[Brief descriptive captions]

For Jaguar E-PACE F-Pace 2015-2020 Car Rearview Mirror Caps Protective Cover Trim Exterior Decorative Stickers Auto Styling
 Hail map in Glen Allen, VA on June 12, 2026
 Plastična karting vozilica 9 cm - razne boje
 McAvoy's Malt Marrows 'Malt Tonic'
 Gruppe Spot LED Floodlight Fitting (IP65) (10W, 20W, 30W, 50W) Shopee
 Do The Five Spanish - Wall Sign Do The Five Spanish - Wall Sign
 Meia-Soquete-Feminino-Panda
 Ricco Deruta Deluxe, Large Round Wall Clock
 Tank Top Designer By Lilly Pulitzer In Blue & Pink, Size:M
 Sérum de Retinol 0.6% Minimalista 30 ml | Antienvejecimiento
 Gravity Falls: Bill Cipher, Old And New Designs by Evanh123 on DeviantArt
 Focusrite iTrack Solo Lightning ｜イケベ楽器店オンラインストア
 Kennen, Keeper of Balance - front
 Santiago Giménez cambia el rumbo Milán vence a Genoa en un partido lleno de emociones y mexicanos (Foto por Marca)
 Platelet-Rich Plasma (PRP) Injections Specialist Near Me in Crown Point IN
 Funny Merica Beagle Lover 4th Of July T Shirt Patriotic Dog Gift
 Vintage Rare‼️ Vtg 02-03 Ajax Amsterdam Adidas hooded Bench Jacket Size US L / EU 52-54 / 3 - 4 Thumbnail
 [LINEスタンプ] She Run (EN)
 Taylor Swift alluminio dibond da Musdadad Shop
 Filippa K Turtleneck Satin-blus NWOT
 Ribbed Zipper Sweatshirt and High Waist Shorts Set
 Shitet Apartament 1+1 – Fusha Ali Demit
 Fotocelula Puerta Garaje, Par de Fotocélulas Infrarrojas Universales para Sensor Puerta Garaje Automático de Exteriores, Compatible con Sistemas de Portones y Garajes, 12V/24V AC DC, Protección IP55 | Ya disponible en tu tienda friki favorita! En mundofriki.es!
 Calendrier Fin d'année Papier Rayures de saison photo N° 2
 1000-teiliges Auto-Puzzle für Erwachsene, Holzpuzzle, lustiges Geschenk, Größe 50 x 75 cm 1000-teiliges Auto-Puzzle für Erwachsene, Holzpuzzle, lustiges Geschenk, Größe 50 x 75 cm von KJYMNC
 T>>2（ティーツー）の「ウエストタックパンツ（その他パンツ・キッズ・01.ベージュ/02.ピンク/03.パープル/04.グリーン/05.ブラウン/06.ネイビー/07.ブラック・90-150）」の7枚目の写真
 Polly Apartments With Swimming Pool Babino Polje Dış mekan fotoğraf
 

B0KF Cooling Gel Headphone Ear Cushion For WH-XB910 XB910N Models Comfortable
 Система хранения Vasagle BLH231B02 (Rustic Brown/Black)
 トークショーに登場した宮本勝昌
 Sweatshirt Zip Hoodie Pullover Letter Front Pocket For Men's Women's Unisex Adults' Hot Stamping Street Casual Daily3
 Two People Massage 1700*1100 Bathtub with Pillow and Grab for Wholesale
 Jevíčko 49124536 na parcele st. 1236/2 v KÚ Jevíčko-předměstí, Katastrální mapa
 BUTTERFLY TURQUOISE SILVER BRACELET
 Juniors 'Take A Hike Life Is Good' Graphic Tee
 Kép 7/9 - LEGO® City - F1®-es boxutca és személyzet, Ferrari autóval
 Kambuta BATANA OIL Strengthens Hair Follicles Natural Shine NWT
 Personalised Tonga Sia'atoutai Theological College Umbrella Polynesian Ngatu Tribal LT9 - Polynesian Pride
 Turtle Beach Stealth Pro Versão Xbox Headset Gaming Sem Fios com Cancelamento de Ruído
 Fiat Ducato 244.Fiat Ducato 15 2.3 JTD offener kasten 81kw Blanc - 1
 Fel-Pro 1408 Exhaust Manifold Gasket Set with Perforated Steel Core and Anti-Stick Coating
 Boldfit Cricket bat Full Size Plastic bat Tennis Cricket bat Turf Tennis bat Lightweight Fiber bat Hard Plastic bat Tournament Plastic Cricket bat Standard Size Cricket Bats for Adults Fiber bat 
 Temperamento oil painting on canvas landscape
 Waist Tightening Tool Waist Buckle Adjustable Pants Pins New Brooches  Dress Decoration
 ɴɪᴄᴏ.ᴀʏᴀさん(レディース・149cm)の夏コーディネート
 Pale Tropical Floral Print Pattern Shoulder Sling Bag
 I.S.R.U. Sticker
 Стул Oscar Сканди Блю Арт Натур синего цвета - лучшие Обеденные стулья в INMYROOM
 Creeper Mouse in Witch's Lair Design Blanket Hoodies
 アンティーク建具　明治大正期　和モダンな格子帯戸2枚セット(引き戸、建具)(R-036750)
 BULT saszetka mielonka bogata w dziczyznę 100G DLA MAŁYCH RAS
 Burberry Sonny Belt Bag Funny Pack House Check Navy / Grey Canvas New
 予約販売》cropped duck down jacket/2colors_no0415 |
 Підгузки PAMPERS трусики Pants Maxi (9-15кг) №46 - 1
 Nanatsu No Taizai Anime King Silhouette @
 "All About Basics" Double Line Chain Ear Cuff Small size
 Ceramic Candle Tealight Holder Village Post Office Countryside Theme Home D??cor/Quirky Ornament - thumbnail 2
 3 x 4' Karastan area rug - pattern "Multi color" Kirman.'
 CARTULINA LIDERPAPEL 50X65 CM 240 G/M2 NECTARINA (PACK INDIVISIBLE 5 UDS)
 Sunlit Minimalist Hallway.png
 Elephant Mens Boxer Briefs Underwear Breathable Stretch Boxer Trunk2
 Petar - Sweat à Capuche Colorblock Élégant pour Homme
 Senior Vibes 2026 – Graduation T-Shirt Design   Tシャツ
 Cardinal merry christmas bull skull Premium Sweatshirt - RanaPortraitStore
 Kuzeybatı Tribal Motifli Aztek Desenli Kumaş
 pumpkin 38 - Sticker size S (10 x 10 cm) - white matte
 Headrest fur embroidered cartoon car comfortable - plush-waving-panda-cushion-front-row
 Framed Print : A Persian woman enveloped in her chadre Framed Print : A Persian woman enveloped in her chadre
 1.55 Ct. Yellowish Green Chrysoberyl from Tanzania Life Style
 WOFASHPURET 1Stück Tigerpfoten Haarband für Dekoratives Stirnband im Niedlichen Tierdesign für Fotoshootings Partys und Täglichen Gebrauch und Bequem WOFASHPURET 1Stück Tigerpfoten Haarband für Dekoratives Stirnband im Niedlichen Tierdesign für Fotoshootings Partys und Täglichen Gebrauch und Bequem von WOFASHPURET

→ **EXERCISE DETAILS**: Reproduce the data above in full. Leave nothing out.

→ **RESPONSE BOX**:
For Jaguar E-PACE F-Pace 2015-2020 Car Rearview Mirror Caps Protective Cover Trim Exterior Decorative Stickers Auto Styling
 Hail map in Glen Allen, VA on June 12, 2026
 Plastična karting vozilica 9 cm - razne boje
 McAvoy's Malt Marrows 'Malt Tonic'
 Gruppe Spot LED Floodlight Fitting (IP65) (10W, 20W, 30W, 50W) Shopee
 Do The Five Spanish - Wall Sign Do The Five Spanish - Wall Sign
 Meia-Soquete-Feminino-Panda
 Ricco Deruta Deluxe, Large Round Wall Clock
 Tank Top Designer By Lilly Pulitzer In Blue & Pink, Size:M
 Sérum de Retinol 0.6% Minimalista 30 ml | Antienvejecimiento
 Gravity Falls: Bill Cipher, Old And New Designs by Evanh123 on DeviantArt
 Focusrite iTrack Solo Lightning ｜イケベ楽器店オンラインストア
 Kennen, Keeper of Balance - front
 Santiago Giménez cambia el rumbo Milán vence a Genoa en un partido lleno de emociones y mexicanos (Foto por Marca)
 Platelet-Rich Plasma (PRP) Injections Specialist Near Me in Crown Point IN
 Funny Merica Beagle Lover 4th Of July T Shirt Patriotic Dog Gift
 Vintage Rare‼️ Vtg 02-03 Ajax Amsterdam Adidas hooded Bench Jacket Size US L / EU 52-54 / 3 - 4 Thumbnail
 [LINEスタンプ] She Run (EN)
 Taylor Swift alluminio dibond da Musdadad Shop
 Filippa K Turtleneck Satin-blus NWOT
 Ribbed Zipper Sweatshirt and High Waist Shorts Set
 Shitet Apartament 1+1 – Fusha Ali Demit
 Fotocelula Puerta Garaje, Par de Fotocélulas Infrarrojas Universales para Sensor Puerta Garaje Automático de Exteriores, Compatible con Sistemas de Portones y Garajes, 12V/24V AC DC, Protección IP55 | Ya disponible en tu tienda friki favorita! En mundofriki.es!
 Calendrier Fin d'année Papier Rayures de saison photo N° 2
 1000-teiliges Auto-Puzzle für Erwachsene, Holzpuzzle, lustiges Geschenk, Größe 50 x 75 cm 1000-teiliges Auto-Puzzle für Erwachsene, Holzpuzzle, lustiges Geschenk, Größe 50 x 75 cm von KJYMNC
 T>>2（ティーツー）の「ウエストタックパンツ（その他パンツ・キッズ・01.ベージュ/02.ピンク/03.パープル/04.グリーン/05.ブラウン/06.ネイビー/07.ブラック・90-150）」の7枚目の写真
 Polly Apartments With Swimming Pool Babino Polje Dış mekan fotoğraf
 

B0KF Cooling Gel Headphone Ear Cushion For WH-XB910 XB910N Models Comfortable
 Система хранения Vasagle BLH231B02 (Rustic Brown/Black)
 トークショーに登場した宮本勝昌
 Sweatshirt Zip Hoodie Pullover Letter Front Pocket For Men's Women's Unisex Adults' Hot Stamping Street Casual Daily3
 Two People Massage 1700*1100 Bathtub with Pillow and Grab for Wholesale
 Jevíčko 49124536 na parcele st. 1236/2 v KÚ Jevíčko-předměstí, Katastrální mapa
 BUTTERFLY TURQUOISE SILVER BRACELET
 Juniors 'Take A Hike Life Is Good' Graphic Tee
 Kép 7/9 - LEGO® City - F1®-es boxutca és személyzet, Ferrari autóval
 Kambuta BATANA OIL Strengthens Hair Follicles Natural Shine NWT
 Personalised Tonga Sia'atoutai Theological College Umbrella Polynesian Ngatu Tribal LT9 - Polynesian Pride
 Turtle Beach Stealth Pro Versão Xbox Headset Gaming Sem Fios com Cancelamento de Ruído
 Fiat Ducato 244.Fiat Ducato 15 2.3 JTD offener kasten 81kw Blanc - 1
 Fel-Pro 1408 Exhaust Manifold Gasket Set with Perforated Steel Core and Anti-Stick Coating
 Boldfit Cricket bat Full Size Plastic bat Tennis Cricket bat Turf Tennis bat Lightweight Fiber bat Hard Plastic bat Tournament Plastic Cricket bat Standard Size Cricket Bats for Adults Fiber bat 
 Temperamento oil painting on canvas landscape
 Waist Tightening Tool Waist Buckle Adjustable Pants Pins New Brooches  Dress Decoration
 ɴɪᴄᴏ.ᴀʏᴀさん(レディース・149cm)の夏コーディネート
 Pale Tropical Floral Print Pattern Shoulder Sling Bag
 I.S.R.U. Sticker
 Стул Oscar Сканди Блю Арт Натур синего цвета - лучшие Обеденные стулья в INMYROOM
 Creeper Mouse in Witch's Lair Design Blanket Hoodies
 アンティーク建具　明治大正期　和モダンな格子帯戸2枚セット(引き戸、建具)(R-036750)
 BULT saszetka mielonka bogata w dziczyznę 100G DLA MAŁYCH RAS
 Burberry Sonny Belt Bag Funny Pack House Check Navy / Grey Canvas New
 予約販売》cropped duck down jacket/2colors_no0415 |
 Підгузки PAMPERS трусики Pants Maxi (9-15кг) №46 - 1
 Nanatsu No Taizai Anime King Silhouette @
 "All About Basics" Double Line Chain Ear Cuff Small size
 Ceramic Candle Tealight Holder Village Post Office Countryside Theme Home D??cor/Quirky Ornament - thumbnail 2
 3 x 4' Karastan area rug - pattern "Multi color" Kirman.'
 CARTULINA LIDERPAPEL 50X65 CM 240 G/M2 NECTARINA (PACK INDIVISIBLE 5 UDS)
 Sunlit Minimalist Hallway.png
 Elephant Mens Boxer Briefs Underwear Breathable Stretch Boxer Trunk2
 Petar - Sweat à Capuche Colorblock Élégant pour Homme
 Senior Vibes 2026 – Graduation T-Shirt Design   Tシャツ
 Cardinal merry christmas bull skull Premium Sweatshirt - RanaPortraitStore
 Kuzeybatı Tribal Motifli Aztek Desenli Kumaş
 pumpkin 38 - Sticker size S (10 x 10 cm) - white matte
 Headrest fur embroidered cartoon car comfortable - plush-waving-panda-cushion-front-row
 Framed Print : A Persian woman enveloped in her chadre Framed Print : A Persian woman enveloped in her chadre
 1.55 Ct. Yellowish Green Chrysoberyl from Tanzania Life Style
 WOFASHPURET 1Stück Tigerpfoten Haarband für Dekoratives Stirnband im Niedlichen Tierdesign für Fotoshootings Partys und Täglichen Gebrauch und Bequem WOFASHPURET 1Stück Tigerpfoten Haarband für Dekoratives Stirnband im Niedlichen Tierdesign für Fotoshootings Partys und Täglichen Gebrauch und Bequem von WOFASHPURET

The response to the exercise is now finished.